その王国を築くため主のみ前に先立って行き、

罪の許しによる救いを

その民に知らせるのであるから。

神の優しい慈悲を喜べ

今、啓示の光が上から私達を望んだのであるから。

暗黒と死の陰とに住む者を照らし

私達の足を平和の道へ導くであろう。

主よ、今こそあなたはみ言葉通りにこの下僕を安らかに去らせてくれますように

この救いはあなたが万民の前にお備えになったもので

異邦人をも照らす啓示の光

み民イスラエルの栄光であります。

ベツレヘムへの帰途、ヨセフとマリヤは、混乱し威圧され、沈黙していた。マリヤは、年老いた詩人アナの別れの挨拶に大変当惑し、ヨセフは、イエスが待ち臨まれているユダヤ民族のメシヤだと印象づけるこの時期尚早の努力に調和していなかった。

10. ヘロデ行動す

しかしヘロデの監視人達は、行動をとらずにはいなかった。監視人達が、ウルからの僧達のベツレヘム訪問を通報すると、ヘロデは、これらのカルデア人に出頭するよう命令を出した。ヘロデは、これらの賢者にしきりと「ユダヤの王」について尋ねたが、かれらは、赤ん坊を産んだ母は、夫と共に国勢調査登録にベツレヘムに下りてきたものだと説明したが、彼に些さかの満足も与えるものではなかった。ヘロデは、この返事に満足せず、賢者達が、その子の王国は宗教的であって現世のものではないと宣言したのであるから、自分もその子に会って崇めることができるよう探し出すようにと彼らに財布を与え、指示をして送り出した。だが賢者たちが戻らないので、ヘロデは疑い始めた。これらを心に思い起こしていると、通報者達が、戻ってきて、イエスの買い戻しの儀でシメオンが歌った部分の写しを持参し、寺院での最近の出来事の全てを報告をした。だが彼らは、ヨセフとマリヤを追うことができず、夫婦が、稚児をどこへ連れていったのか応答できずにいると、ヘロデは、非常に怒った。そこでヨセフとマリヤの居場所を突き止める捜索隊を派遣した。ナザレ家族のヘロデの探策を知り、ザカリヤとエリザベスは、ベツレヘムから遠のいたままでいた。男の稚児は、ヨセフの親戚に隠された。

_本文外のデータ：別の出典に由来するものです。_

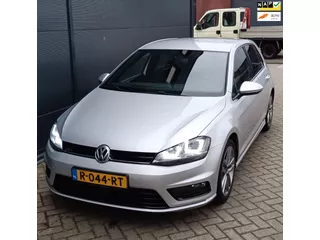 Volkswagen Golf 1.2 TSI Highline R-line Nette Auto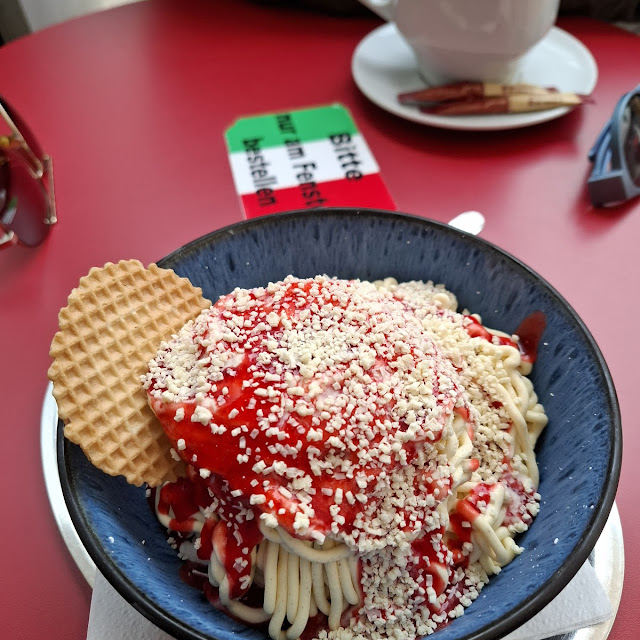 Waffle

ヨセフは、仕事を探すことを怖れたし、僅かな貯えは急激に消えていった。寺院での浄めの儀式の際でさえ、ヨセフは、モーゼが窮民の母達の清めの儀式に指示したように、マリヤのために2羽の小鳩の供え物を正当化するほどに自分は貧乏であると考えた。

1年以上の探索の後、へロデの密偵は、まだイエスの居所が掴めずにいた時、その上幼児は、まだベツレヘムに隠されているという疑惑から、組織的なベツレヘムの各家の捜索がなされ、2歳以下の全ての男の幼児は殺すようにとの命令を準備し、そしてこの方法により「ユダヤ人の王」にならんとするこの子供が滅ぼされることを確実にしたかった。こうしてユダのベツレヘムでは1日に16人の男の幼児が殺された。しかし、陰謀と殺人は、当の彼自身の家族内でさえ、ヘロデの宮廷においては当り前であった。

これらの幼児の大殺戮は、イエスが1歳を少し過ぎた紀元前6年の10月の半ばに起きた。しかしヘロデの宮廷の随行員の中にさえメシヤの到来を信じる者がおり、そのうちの一人は、ベツレヘムの男の幼児虐殺命令を知ると、ザカリヤに伝え、続いてザカリヤは、ヨセフに使いを送り、ヨセフとマリヤは、幼児と共に殺戮前夜エジプトのアレクサンドリアに向けて出発した。注意を逸らすために、かれらは、イエスと単独でエジプトへの旅をした。かれらは、ザカリヤが与えてくれた資金でアレクサンドリアへ行き、そこでマリヤとイエスが、ヨセフの裕福な家族に身を寄せている間、ヨセフは、自分の仕事をした。かれらは、アレキサンドリアにまる2年逗留し、ヘロデの死後までベツレヘムには戻らなかった。